The adaptive immune system, including type1 helper T cells (Th1 cells), cytotoxic T lymphocytes (CTLs), and dendritic cells (DCs), plays an important role in the control of hepatitis B virus (HBV). On the other hand, regulatory T cells (Tregs) and myeloid derived suppressor cells (MDSCs) suppress the immune reaction in HBV and hepatocellular carcinoma (HCC). Excessive activation of immune suppressive cells could contribute to the persistent infection of HBV and the progression of HCC. The frequency and/or function of Tregs could affect the natural course in chronic hepatitis B patients and the treatment response. In addition to the suppressive function of MDSCs, MDSCs could affect the induction and function of Tregs.

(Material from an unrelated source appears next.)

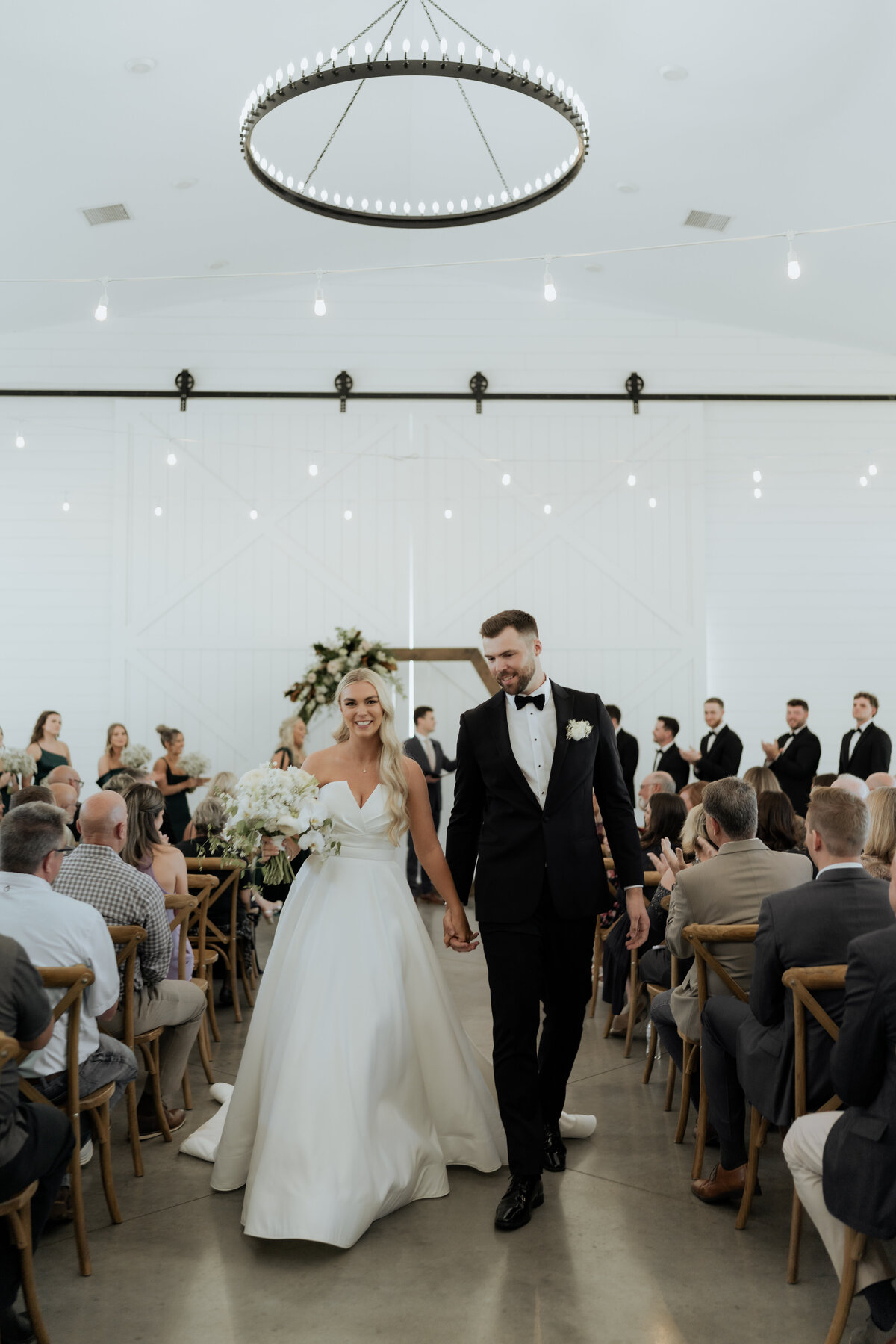 pile-wedding-676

Therefore, we should understand in detail the mechanism by which Tregs and MDSCs are induced to control HBV persistent infection and HBV-related HCC. Immune suppressive cells, including Tregs and MDSCs, contribute to the difficulty in inducing an effective immune response for HBV persistent infection and HBV-related HCC. In this review, we focus on the Tregs and MDSCs that could be potential targets for immune therapy of chronic hepatitis B and HBV-related HCC.

1. Introduction

Hepatitis B virus (HBV) is a noncytopathic DNA virus that causes chronic hepatitis and hepatocellular carcinoma (HCC) as well as acute hepatitis [1]. HBV infects more than 400 million people worldwide. HBV has six different genotypes [2,3]. The progression of liver fibrosis and HCC could vary among various HBV genotypes [3,4].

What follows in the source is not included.